#### AIM OF THE TASK
Transcribe exactly the span of lines that begins the records and ends with the line holding "Annie Chih Annie Chih", both boundary lines included.

#### INPUT

-- -- --

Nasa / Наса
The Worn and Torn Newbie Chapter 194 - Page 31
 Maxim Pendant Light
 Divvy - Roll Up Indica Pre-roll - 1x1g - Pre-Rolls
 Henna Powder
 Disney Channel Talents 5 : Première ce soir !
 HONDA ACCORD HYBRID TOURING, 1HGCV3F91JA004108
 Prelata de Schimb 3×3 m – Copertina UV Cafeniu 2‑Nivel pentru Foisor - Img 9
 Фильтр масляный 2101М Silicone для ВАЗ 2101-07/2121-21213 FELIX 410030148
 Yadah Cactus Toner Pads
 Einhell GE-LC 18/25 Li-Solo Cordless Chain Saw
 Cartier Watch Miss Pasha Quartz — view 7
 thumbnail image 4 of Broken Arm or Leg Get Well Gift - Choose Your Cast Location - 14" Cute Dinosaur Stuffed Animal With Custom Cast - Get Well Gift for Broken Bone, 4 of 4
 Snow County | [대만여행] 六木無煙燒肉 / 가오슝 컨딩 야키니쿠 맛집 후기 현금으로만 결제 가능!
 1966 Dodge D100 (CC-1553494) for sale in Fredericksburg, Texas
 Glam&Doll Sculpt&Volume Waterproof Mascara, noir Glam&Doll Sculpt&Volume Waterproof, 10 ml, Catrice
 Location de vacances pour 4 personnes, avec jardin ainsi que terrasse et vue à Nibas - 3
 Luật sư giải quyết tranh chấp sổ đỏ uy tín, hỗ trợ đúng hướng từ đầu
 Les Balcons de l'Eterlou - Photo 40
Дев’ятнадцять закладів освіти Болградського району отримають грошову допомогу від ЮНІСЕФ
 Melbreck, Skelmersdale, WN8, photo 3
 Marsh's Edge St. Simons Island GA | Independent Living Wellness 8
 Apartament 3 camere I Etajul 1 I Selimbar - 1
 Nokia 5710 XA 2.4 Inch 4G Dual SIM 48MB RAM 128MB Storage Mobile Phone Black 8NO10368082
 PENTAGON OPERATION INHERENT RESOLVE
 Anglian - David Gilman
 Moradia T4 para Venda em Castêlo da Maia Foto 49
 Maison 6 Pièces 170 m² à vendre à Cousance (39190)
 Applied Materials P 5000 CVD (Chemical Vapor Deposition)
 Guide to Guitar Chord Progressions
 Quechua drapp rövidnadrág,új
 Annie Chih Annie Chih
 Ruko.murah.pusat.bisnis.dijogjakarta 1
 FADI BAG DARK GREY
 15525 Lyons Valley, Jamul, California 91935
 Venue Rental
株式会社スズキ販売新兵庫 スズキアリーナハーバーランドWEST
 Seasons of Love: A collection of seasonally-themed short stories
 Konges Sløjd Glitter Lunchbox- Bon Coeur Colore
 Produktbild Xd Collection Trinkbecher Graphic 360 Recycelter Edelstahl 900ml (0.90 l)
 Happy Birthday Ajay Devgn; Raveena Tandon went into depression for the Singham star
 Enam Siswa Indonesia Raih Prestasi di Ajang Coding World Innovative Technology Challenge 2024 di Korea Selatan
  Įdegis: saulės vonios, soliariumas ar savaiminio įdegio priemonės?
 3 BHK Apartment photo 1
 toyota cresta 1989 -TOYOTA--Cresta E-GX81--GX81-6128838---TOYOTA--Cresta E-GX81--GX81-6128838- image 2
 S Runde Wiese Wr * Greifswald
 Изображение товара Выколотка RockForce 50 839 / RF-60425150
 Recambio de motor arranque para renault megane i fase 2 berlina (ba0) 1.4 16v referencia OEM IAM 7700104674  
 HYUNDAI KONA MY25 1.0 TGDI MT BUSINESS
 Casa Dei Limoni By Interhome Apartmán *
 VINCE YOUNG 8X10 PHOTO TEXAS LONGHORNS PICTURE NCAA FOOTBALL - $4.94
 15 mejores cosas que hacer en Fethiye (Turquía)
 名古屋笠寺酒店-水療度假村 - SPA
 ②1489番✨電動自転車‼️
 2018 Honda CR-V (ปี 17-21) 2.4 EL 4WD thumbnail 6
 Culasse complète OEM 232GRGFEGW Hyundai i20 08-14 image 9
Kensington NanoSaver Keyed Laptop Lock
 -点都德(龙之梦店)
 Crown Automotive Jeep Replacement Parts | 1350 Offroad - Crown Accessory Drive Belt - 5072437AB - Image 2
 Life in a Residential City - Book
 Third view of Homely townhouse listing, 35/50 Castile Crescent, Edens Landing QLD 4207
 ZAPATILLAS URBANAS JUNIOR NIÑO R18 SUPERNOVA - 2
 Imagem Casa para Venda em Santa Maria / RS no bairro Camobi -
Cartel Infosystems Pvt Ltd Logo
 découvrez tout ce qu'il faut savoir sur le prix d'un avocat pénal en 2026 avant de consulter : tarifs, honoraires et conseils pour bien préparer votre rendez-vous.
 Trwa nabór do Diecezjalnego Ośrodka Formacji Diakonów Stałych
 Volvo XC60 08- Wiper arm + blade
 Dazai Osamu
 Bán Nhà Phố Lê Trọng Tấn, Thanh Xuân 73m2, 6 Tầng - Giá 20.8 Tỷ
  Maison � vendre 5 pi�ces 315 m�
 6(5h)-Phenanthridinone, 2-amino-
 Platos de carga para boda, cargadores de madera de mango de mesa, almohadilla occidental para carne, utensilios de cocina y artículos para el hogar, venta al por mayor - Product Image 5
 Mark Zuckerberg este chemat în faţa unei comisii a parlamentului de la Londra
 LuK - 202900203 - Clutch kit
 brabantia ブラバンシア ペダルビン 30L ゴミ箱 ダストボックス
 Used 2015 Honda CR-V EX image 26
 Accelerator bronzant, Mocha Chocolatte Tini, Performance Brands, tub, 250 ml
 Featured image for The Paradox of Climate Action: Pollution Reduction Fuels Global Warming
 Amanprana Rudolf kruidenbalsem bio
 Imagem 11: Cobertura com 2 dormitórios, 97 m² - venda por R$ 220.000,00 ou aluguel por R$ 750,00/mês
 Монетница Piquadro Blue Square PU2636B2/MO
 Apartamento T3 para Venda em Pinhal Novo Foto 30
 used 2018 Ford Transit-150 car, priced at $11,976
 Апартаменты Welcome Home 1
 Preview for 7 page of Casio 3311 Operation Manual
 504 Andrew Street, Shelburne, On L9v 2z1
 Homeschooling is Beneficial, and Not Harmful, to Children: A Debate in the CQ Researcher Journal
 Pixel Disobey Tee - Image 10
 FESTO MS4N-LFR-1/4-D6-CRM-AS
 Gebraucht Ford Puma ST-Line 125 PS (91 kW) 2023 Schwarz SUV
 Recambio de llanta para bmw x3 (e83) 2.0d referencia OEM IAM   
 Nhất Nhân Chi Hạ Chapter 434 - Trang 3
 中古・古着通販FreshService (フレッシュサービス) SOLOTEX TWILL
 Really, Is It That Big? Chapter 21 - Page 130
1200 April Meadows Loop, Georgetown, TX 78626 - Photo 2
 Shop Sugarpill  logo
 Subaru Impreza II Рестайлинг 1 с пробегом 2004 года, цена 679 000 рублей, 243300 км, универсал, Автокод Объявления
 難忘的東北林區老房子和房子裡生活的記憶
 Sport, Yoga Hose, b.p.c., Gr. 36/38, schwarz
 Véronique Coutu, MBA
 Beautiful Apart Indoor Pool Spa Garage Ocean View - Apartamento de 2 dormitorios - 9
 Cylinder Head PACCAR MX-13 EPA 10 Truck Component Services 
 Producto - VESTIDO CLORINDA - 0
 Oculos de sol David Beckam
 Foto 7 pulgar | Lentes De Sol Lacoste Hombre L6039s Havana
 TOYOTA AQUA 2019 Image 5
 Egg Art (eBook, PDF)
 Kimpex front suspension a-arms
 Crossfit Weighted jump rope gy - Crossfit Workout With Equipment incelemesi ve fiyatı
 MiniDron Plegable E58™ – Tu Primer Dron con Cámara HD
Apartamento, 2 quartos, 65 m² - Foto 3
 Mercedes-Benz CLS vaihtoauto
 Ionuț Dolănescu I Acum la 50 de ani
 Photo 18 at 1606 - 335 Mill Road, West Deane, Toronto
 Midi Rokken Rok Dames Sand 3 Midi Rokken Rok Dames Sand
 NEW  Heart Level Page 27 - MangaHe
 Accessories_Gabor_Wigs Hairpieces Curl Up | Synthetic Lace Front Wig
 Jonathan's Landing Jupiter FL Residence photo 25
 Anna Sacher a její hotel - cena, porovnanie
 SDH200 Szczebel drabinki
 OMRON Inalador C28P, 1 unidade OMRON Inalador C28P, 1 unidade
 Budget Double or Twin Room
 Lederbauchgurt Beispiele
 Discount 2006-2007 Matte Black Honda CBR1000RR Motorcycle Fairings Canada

-- -- --

#### SOLVED PROBLEM
Nasa / Наса
The Worn and Torn Newbie Chapter 194 - Page 31
 Maxim Pendant Light
 Divvy - Roll Up Indica Pre-roll - 1x1g - Pre-Rolls
 Henna Powder
 Disney Channel Talents 5 : Première ce soir !
 HONDA ACCORD HYBRID TOURING, 1HGCV3F91JA004108
 Prelata de Schimb 3×3 m – Copertina UV Cafeniu 2‑Nivel pentru Foisor - Img 9
 Фильтр масляный 2101М Silicone для ВАЗ 2101-07/2121-21213 FELIX 410030148
 Yadah Cactus Toner Pads
 Einhell GE-LC 18/25 Li-Solo Cordless Chain Saw
 Cartier Watch Miss Pasha Quartz — view 7
 thumbnail image 4 of Broken Arm or Leg Get Well Gift - Choose Your Cast Location - 14" Cute Dinosaur Stuffed Animal With Custom Cast - Get Well Gift for Broken Bone, 4 of 4
 Snow County | [대만여행] 六木無煙燒肉 / 가오슝 컨딩 야키니쿠 맛집 후기 현금으로만 결제 가능!
 1966 Dodge D100 (CC-1553494) for sale in Fredericksburg, Texas
 Glam&Doll Sculpt&Volume Waterproof Mascara, noir Glam&Doll Sculpt&Volume Waterproof, 10 ml, Catrice
 Location de vacances pour 4 personnes, avec jardin ainsi que terrasse et vue à Nibas - 3
 Luật sư giải quyết tranh chấp sổ đỏ uy tín, hỗ trợ đúng hướng từ đầu
 Les Balcons de l'Eterlou - Photo 40
Дев’ятнадцять закладів освіти Болградського району отримають грошову допомогу від ЮНІСЕФ
 Melbreck, Skelmersdale, WN8, photo 3
 Marsh's Edge St. Simons Island GA | Independent Living Wellness 8
 Apartament 3 camere I Etajul 1 I Selimbar - 1
 Nokia 5710 XA 2.4 Inch 4G Dual SIM 48MB RAM 128MB Storage Mobile Phone Black 8NO10368082
 PENTAGON OPERATION INHERENT RESOLVE
 Anglian - David Gilman
 Moradia T4 para Venda em Castêlo da Maia Foto 49
 Maison 6 Pièces 170 m² à vendre à Cousance (39190)
 Applied Materials P 5000 CVD (Chemical Vapor Deposition)
 Guide to Guitar Chord Progressions
 Quechua drapp rövidnadrág,új
 Annie Chih Annie Chih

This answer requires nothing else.